━━ SUPPLIED DATA

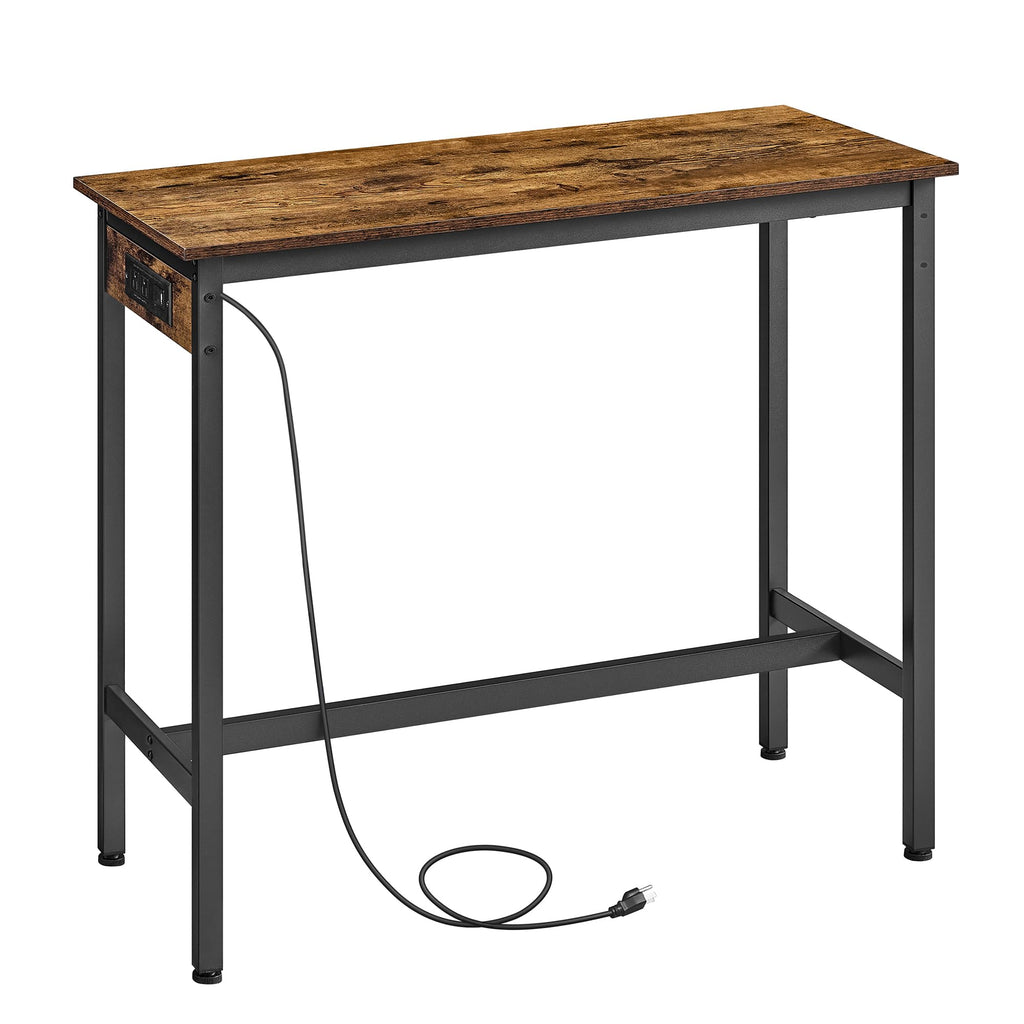 Bar Table with Power Outlets, Computer Desk, 39.4" W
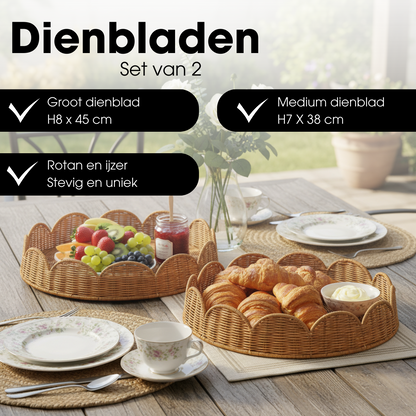 Dienblad rotan rond 2 stuks 38/45 cm lichtbruin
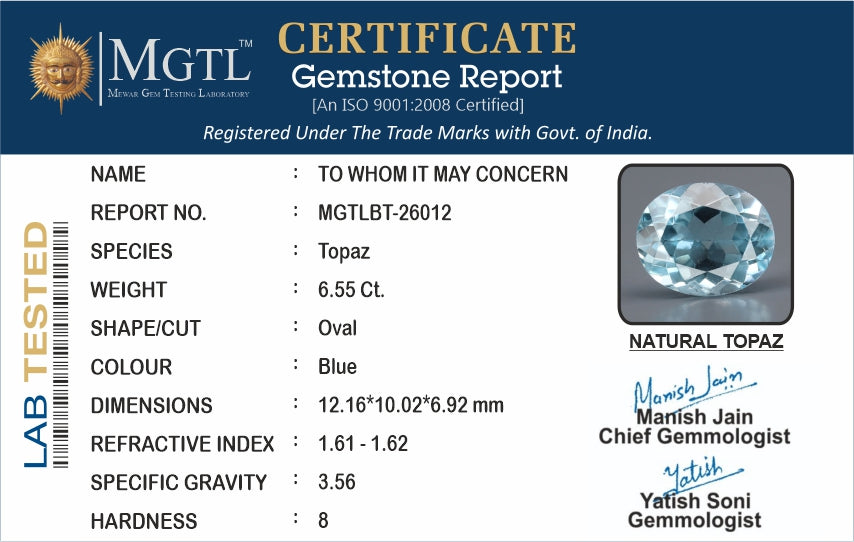 Natural Blue Topaz - 6.55 Carat Prime Quality BT-26012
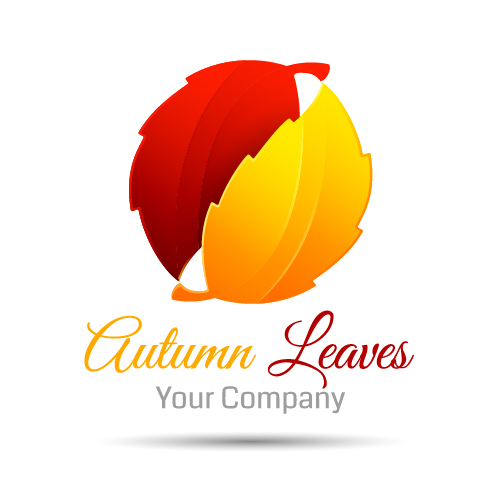 Autumn leaves logo design vector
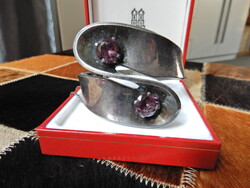 Régi mexikói HILARIO LOPEZ széles ezüst karperec nagyméretű ametiszt kövekkel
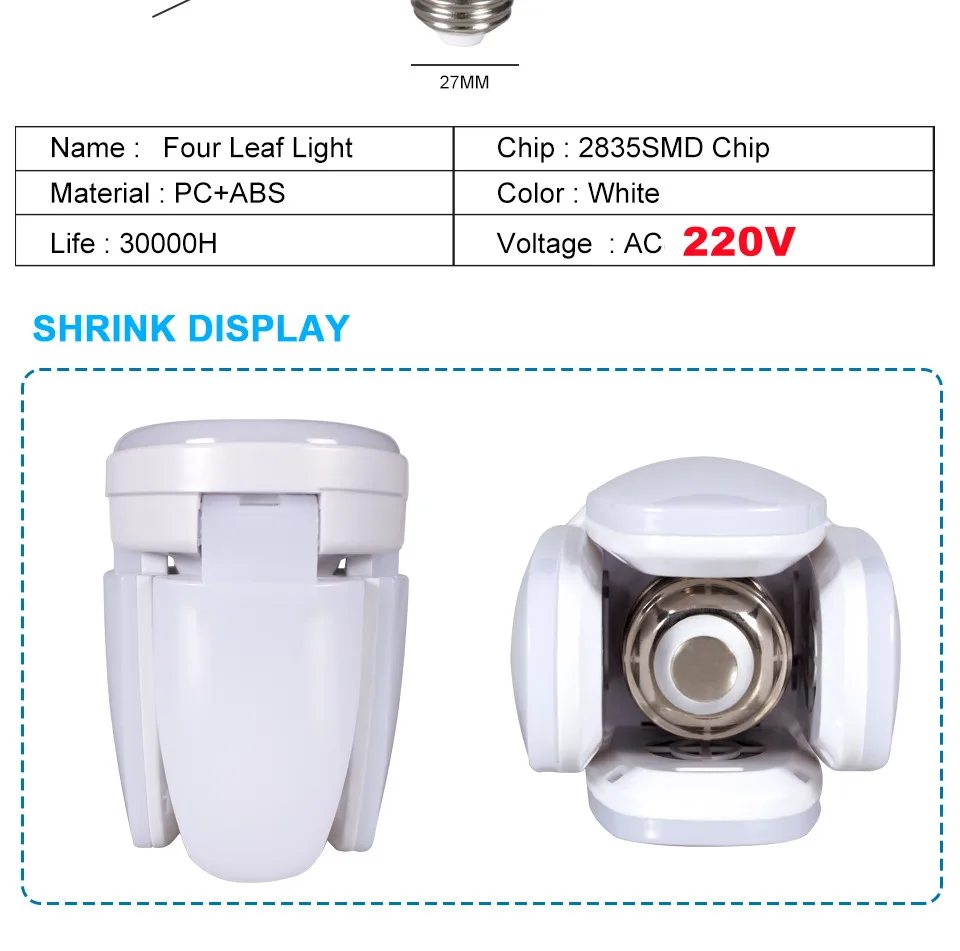 Description Picture 3 of itemE27 AC220V LED 28W Bulb Fan Blade Timing Lamp Foldable Led Light Bulb Lampada Night Lights For Home Ceiling Light Lighting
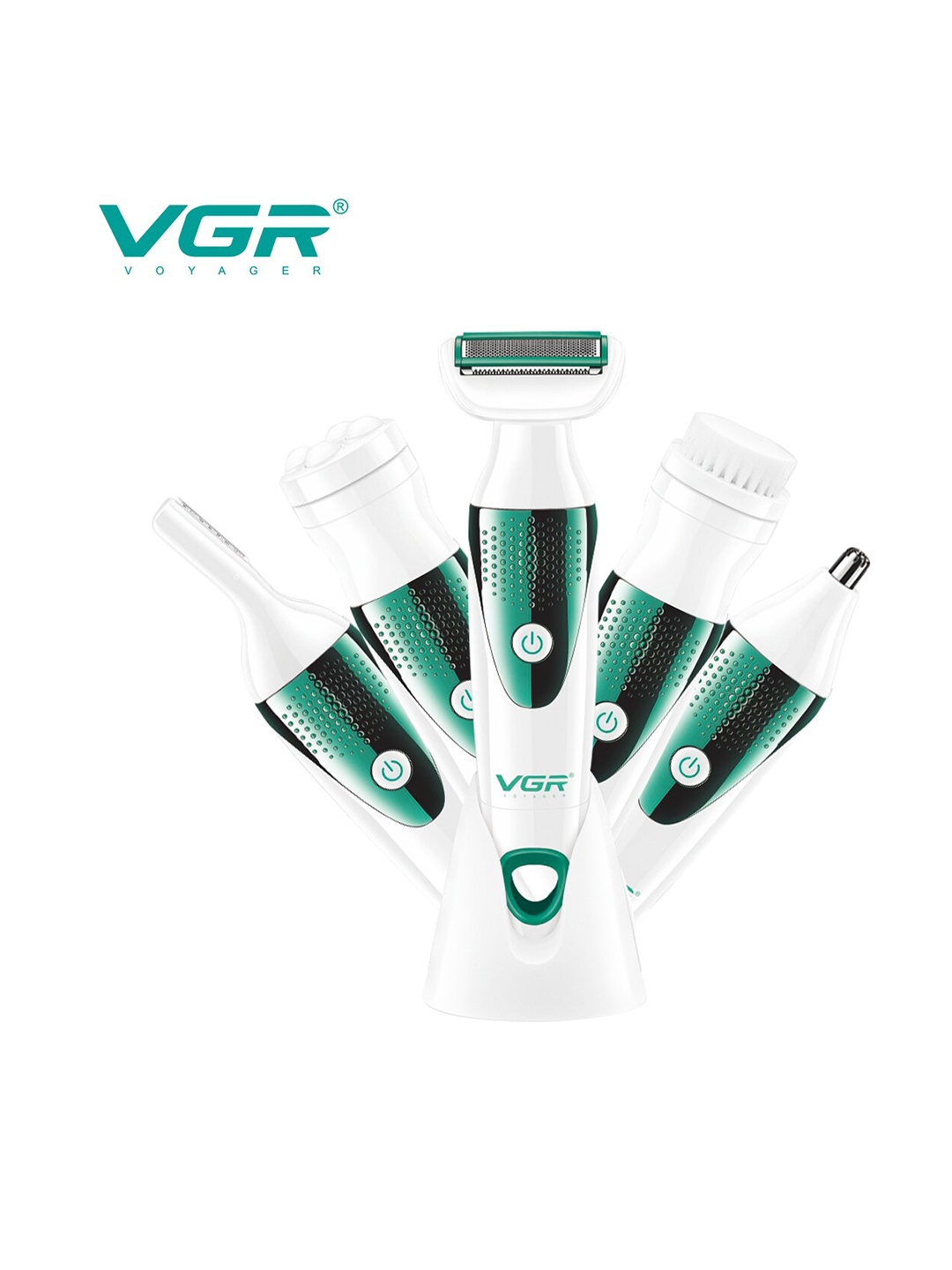 

VGR Women V-720 5-in-1 Professional IPX4 Waterproof Lady Care Set Trimmer - White & Green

━━━━

Copy the records exactly; no image should appear in the result.

ANSWER TO THIS TASK:
 Bar Table with Power Outlets, Computer Desk, 39.4" W
 Dienblad rotan rond 2 stuks 38/45 cm lichtbruin
 Natural Blue Topaz - 6.55 Carat Prime Quality BT-26012
 Autumn leaves logo design vector
 Régi mexikói HILARIO LOPEZ széles ezüst karperec nagyméretű ametiszt kövekkel
 Description Picture 3 of itemE27 AC220V LED 28W Bulb Fan Blade Timing Lamp Foldable Led Light Bulb Lampada Night Lights For Home Ceiling Light Lighting

VGR Women V-720 5-in-1 Professional IPX4 Waterproof Lady Care Set Trimmer - White & Green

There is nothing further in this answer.